I am not entirely sure about your specific test plan, but I’m afraid that your intention to validate ECC functionality across all relevant memory regions using the Linux kernel is not appropriate.
The Linux kernel EDAC (Error Detection and Correction) framework provides a mechanism to validate the error injection and error reporting flow for the IO96B memory controller through the mailbox interface. However, it is not a comprehensive debugging tool for validating different memory regions.
The reason is that when the Linux kernel is running and actively using DDR memory, it is not visible to the user which regions are currently in use and which are free. Attempting to modify memory content that is in use by the kernel could result in a kernel crash.
The correct way to use the Linux kernel EDAC driver is to ensure that the ECC error reporting path is functioning correctly.
That is, by using the EDAC driver to perform an error injection and verifying that the kernel reports the corresponding error.

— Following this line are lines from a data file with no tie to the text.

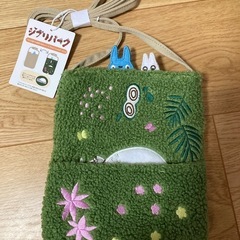 ジブリパーク限定 となりのトトロ 大きなクスノキ ポシェットバック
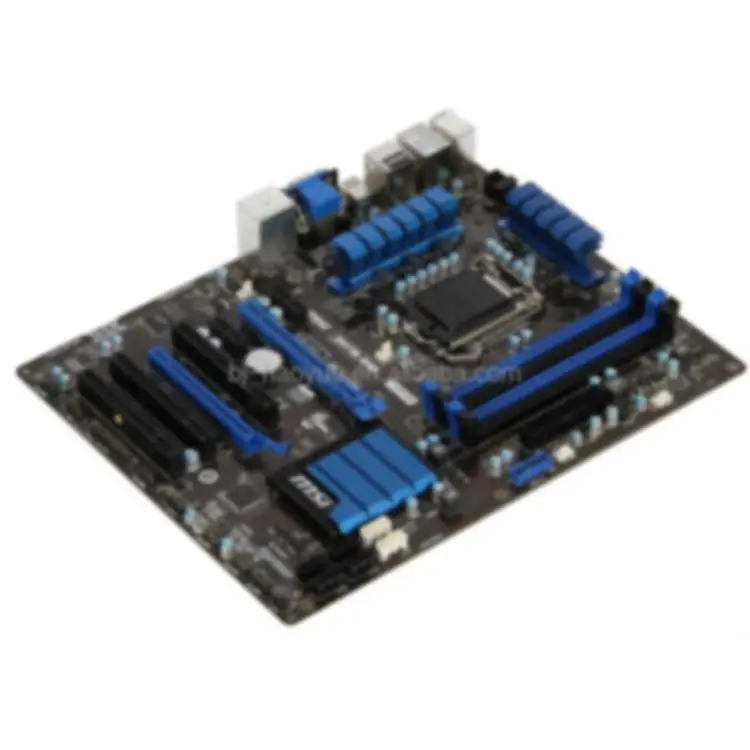 cheap used ZH77A-G43 lega 1155 motherboard for sale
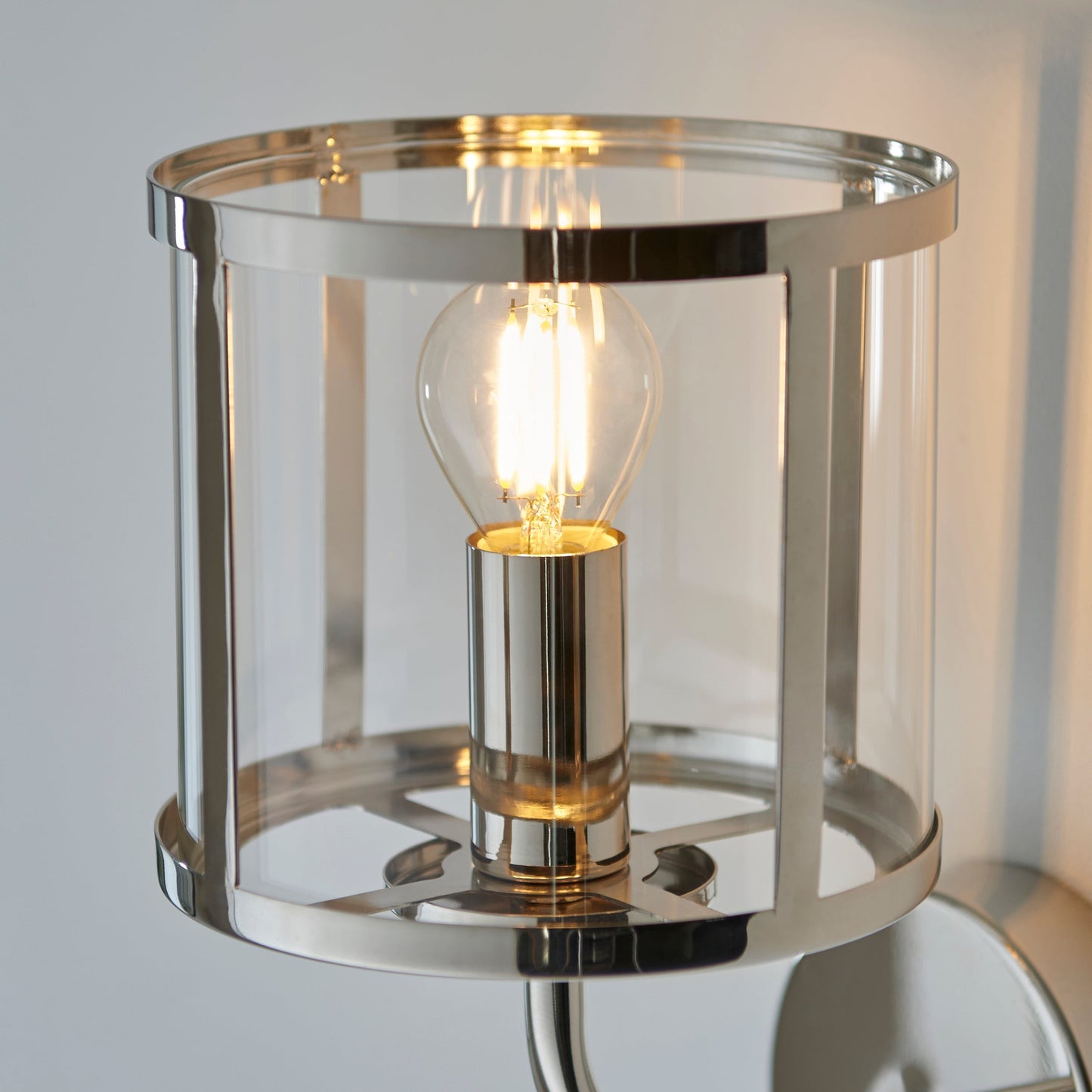 Hopton Wandlampe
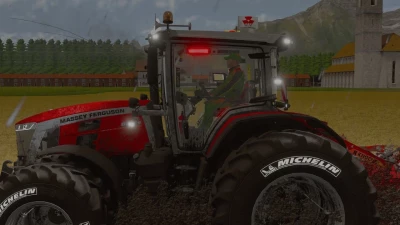 Massey Ferguson 8S Edit (IC) v1.0.0.0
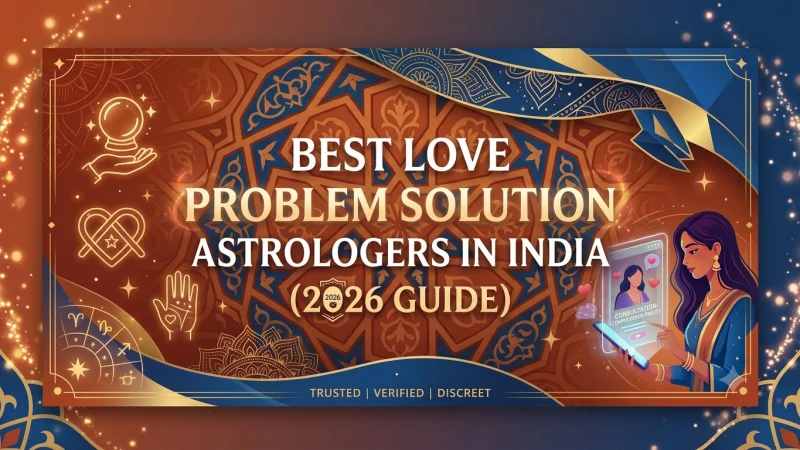 Best Love Problem Solution Astrologers in India (2026 Guide)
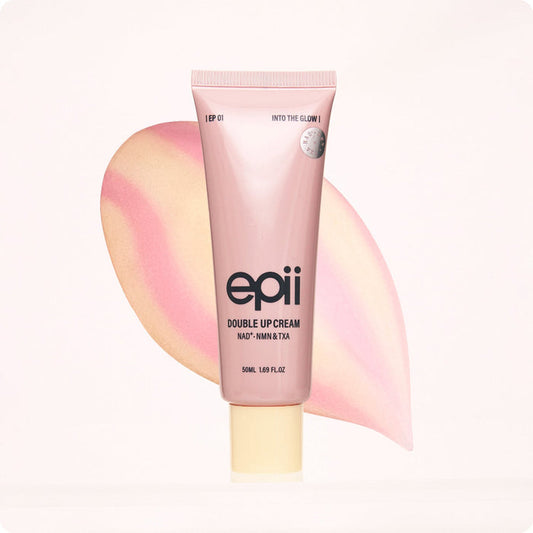 epii Double Up Cream NAD+・NMN & TXA 50ml - DOKAN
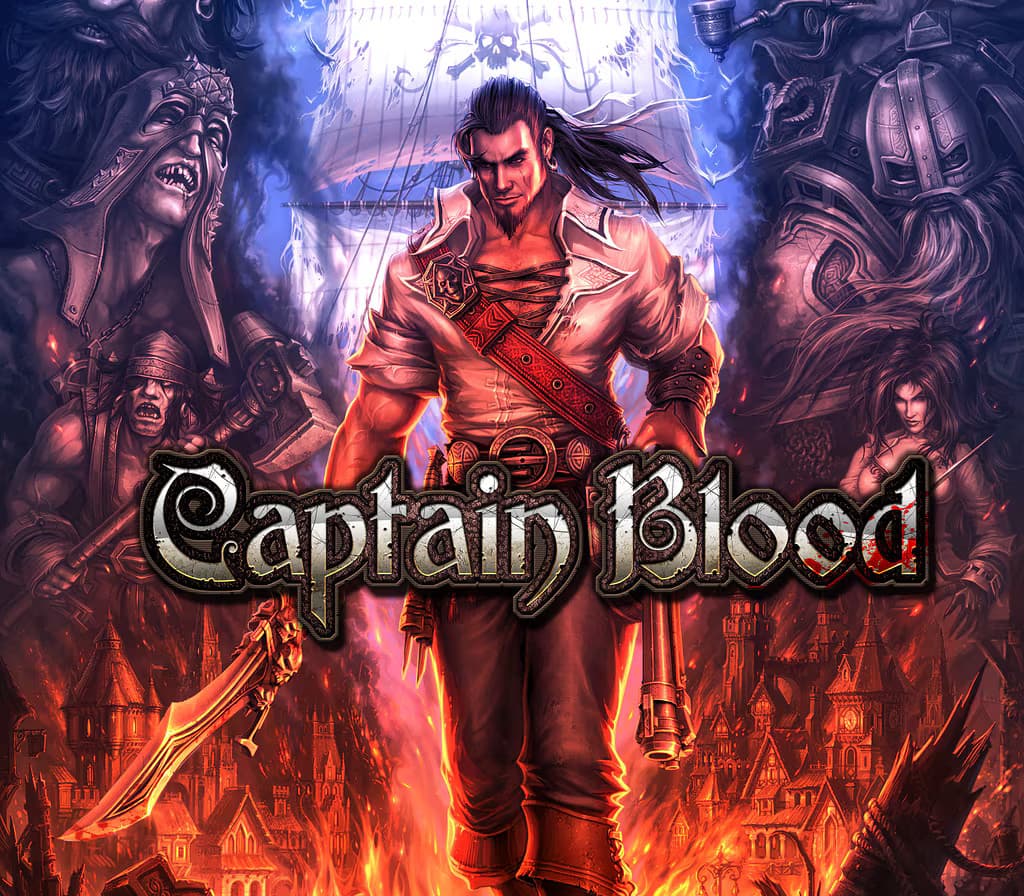 Captain Blood cover art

This confirms that if any ECC error occurs on the memory controller, the CPU will receive an interrupt and the Linux driver will report the error appropriately.
Hope this helps.
- Arun_Prabakatr2 months ago
New Contributor
Hi Nirav,
Thanks for your support. We’re using kernel version 6.12.11 with QPD 25.1, and we were able to find the driver CONFIG_EDAC_ALTERA_IO96B. Could you please let us know the related driver we should use to test and validate?- Nirav_Altera2 months ago
New Contributor
Hi Arun,
As I mentioned in my previous reply, you can use the Linux EDAC driver to ensure that ECC error reporting path is functioning. So whenever there is any single bit or double bit ECC error occurs on DDR, Linux EDAC driver will provide the notification with the error info. - KianHinT_altera1 month ago
Frequent Contributor
Hi Arun,
As there is no further enquiries related to this issue, we will step back and allow the community to assist with any future follow-up questions.
Thank you for engaging with us!
Best regards,
Altera Technical Support